Ceci va changer, et la finance islamique arrive en France, nul doute possible. Les modifications de la Loi ne sont que purement « techniques », il n’y a pas de remise en cause de la laïcité, comme certains agitateurs aiment dresser en épouvantail. Nous ne parlons que d’arrangements fiscaux pour éviter une double taxation (imaginer payer deux fois les frais de notaire !), qui rendent actuellement impraticable la finance islamique en France.
Il faut savoir toutefois que les banques françaises proposent déjà des produits financiers islamiques, dans les pays à majorité musulmane dans lesquelles elles sont implantées, sans que ceci ne gêne personne. Le savoir-faire des banques est donc là.
Il existe actuellement une formation spécialisée en Finance Islamique, un master de niveau 2 à l’Université Paris-Dauphine. Le diplôme forme des experts, acteurs confrontés aux problématiques pointues de ce type de finance.

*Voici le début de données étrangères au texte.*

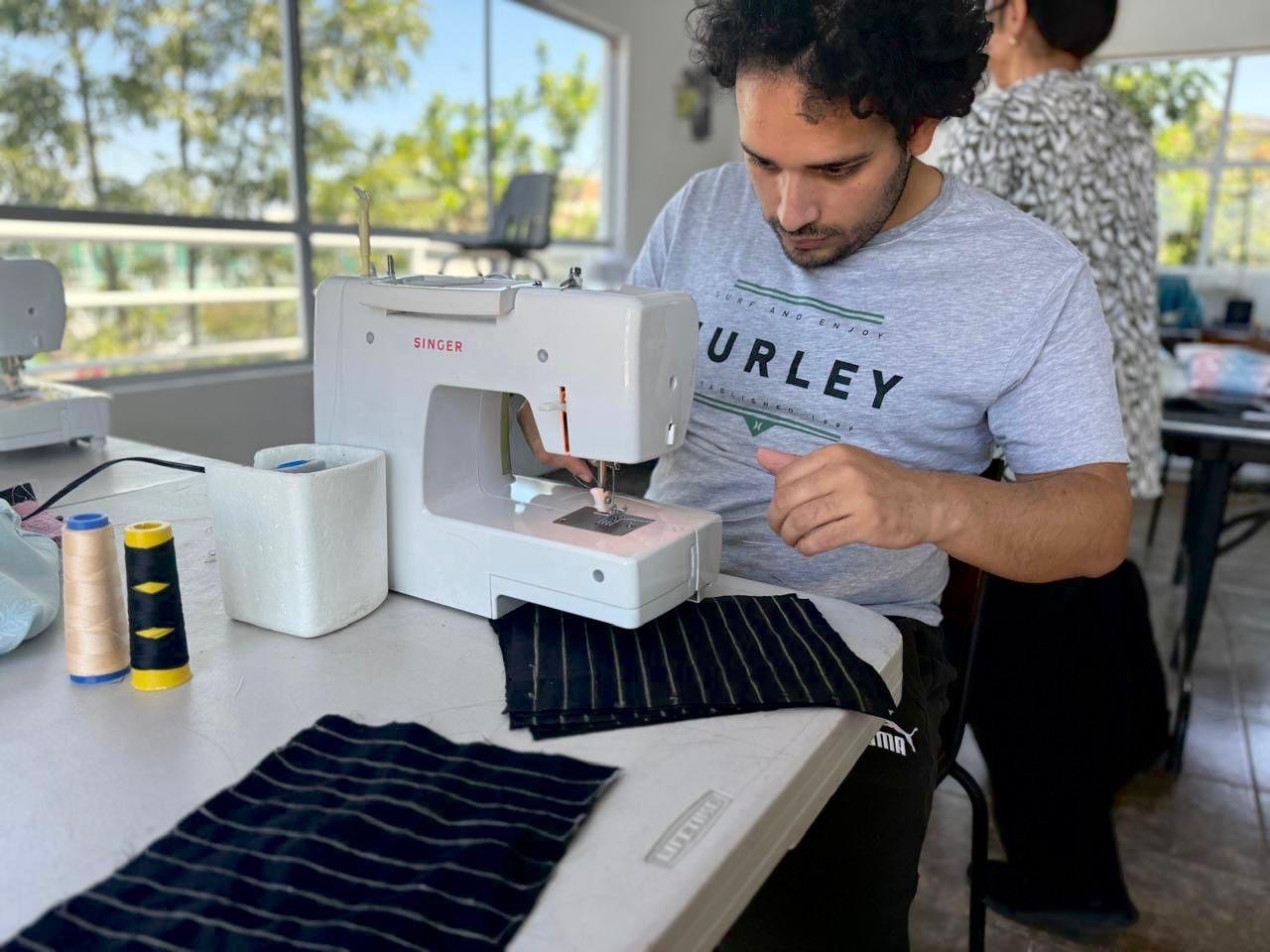 DIF Tijuana impulsa capacitación y emprendimiento en Centros Comunitarios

Ce n’est plus qu’une question de temps avant d’avoir enfin, en France, un crédit hallal 🙂 Le Sénat y travaille activement, comme on peut le voir sur la page dédiée à la finance islamique.
La finance à l’occidentale est « haram », un interdit de la religion musulmane.
L’Islam, comme la religion catholique par le passé, interdit le prêt d’argent avec des intérêts. Il existe en France de nombreux musulmans, soucieux de respecter leur religion. l’Islam étant la deuxième religion du pays. Mais malgré le nombre, il n’existe pas en France de produits financiers adaptés à l’Islam, et de façon plus large, à l’éthique musulmane.
Ceci est un réel problème pour les musulmans de France, qui ne peuvent pas investir leur argent ou demander un crédit sans aller contre les principes de l’Islam. Un musulman croyant voulant respecter les préceptes de sa religion fait souvent face à l’impossibilité de se financer sans heurter ses convictions religieuses. La Finance Islamique se développe de plus en plus, permettant à de nombreuses personnes d’enfin obtenir le crédit pour acheter leur maison.